Meunier : I. — SOCRATE ET ALCIBIADE

Ainsi donc, Socrate se cultiva, d’une part, en fréquentant les sophistes, et de l’autre, en étudiant de très près les théories des anciens philosophes. Toutefois l’activité de son esprit ne paraît pas s’être exclusivement cantonnée dans le domaine des sciences philosophiques. Désireux de ne rester étranger à aucune des connaissances de son temps, non seulement il apprit l’art de discuter et de bien dire, la géométrie, l’astronomie et la musique, mais il voulut encore se rendre compte de tout ce que l’on savait autour de lui en matière d’économie domestique et d’institution politique. S’étant ainsi rendu apte à discuter sur tout, il se servait de tout pour enseigner la vraie science de l’homme et la connaissance de l’âme. Pour conquérir les humbles, son enseignement devint comme une prédication familière. Il ne faisait point, dit Plutarque, apporter des bancs ; il ne montait point en chaire; il n’observait point de temps pour lire en public; il n’assignait point à ses amis certaines heures pour la causerie ou pour la promenade ; mais il exerçait sa philosophie en buvant, en mangeant, en se divertissant, tant dans la vie des camps que dans les assemblées de la ville. Le premier de tous, il fit voir que la philosophie n’était point une science inutile, mais un moyen pratique de se conduire avec intelligence, et d’embellir son âme, à toute heure et en toute occasion, d’un céleste reflet de la beauté divine. »
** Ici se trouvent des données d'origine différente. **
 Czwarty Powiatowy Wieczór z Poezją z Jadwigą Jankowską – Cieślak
Tout à la joie d’accomplir sa mission d’éducateur des âmes, Socrate, malgré sa pauvreté, refusa toujours de prostituer la science en exigeant un salaire pour rémunérer ses leçons.

— Je ne conçois pas, se plaisait-il à répéter, qu’un homme qui fait profession d’enseigner la vertu puisse sxmger à exiger un payement. S’acquérir un honnête homme, se faire un bon ami de son disciple, n’est-ce pas le plus riche avantage et le gain le plus solide qu’on puisse retirer d’une telle application? »
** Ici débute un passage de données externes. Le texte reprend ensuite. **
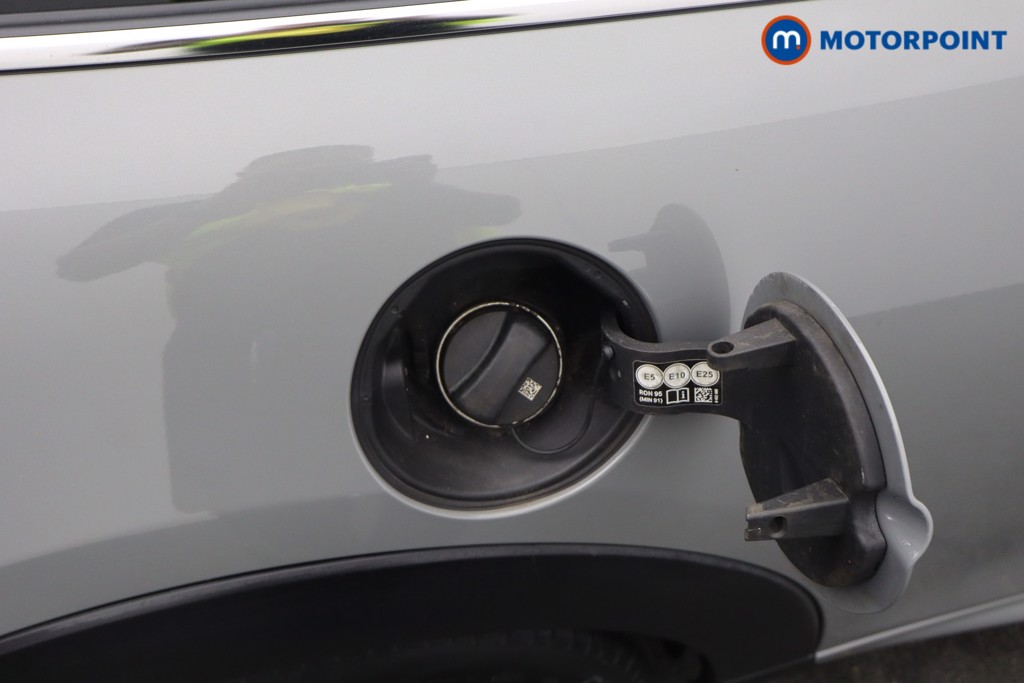 Mini Hatchback Cooper Sport Manual Petrol Hatchback - Stock Number (1677115) - 5th supplementary image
A l’inverse des sophistes et des rhéteurs qui passaient leur vie à voyager de ville en ville, Socrate, si ce n’est pour les camps, ne quitta guère Athènes. Rarement il en passait les portes; et quand il se trouvait en dehors des remparts, il ressemblait alors à un étranger que l’on guide. Quel besoin d’ailleurs de s’éloigner de cette ville admirable? Sa cité natale n’était-elle point le centre où affluaient tous les talents, où se rencontraient, sans qu’il fût nécessaire d’aller au loin les chercher, tous ceux dont il pouvait apprendre quelque chose ? En peu de temps, dès lors, et malgré sa condition modeste, cet inlassable chasseur d’hommes fut en rapport avec la plupart des intelligences marquantes de son illustre époque. La surprenante vivacité de son esprit lui avait gagné la faveur des plus hauts personnages et ouvert les portes des plus riches demeures.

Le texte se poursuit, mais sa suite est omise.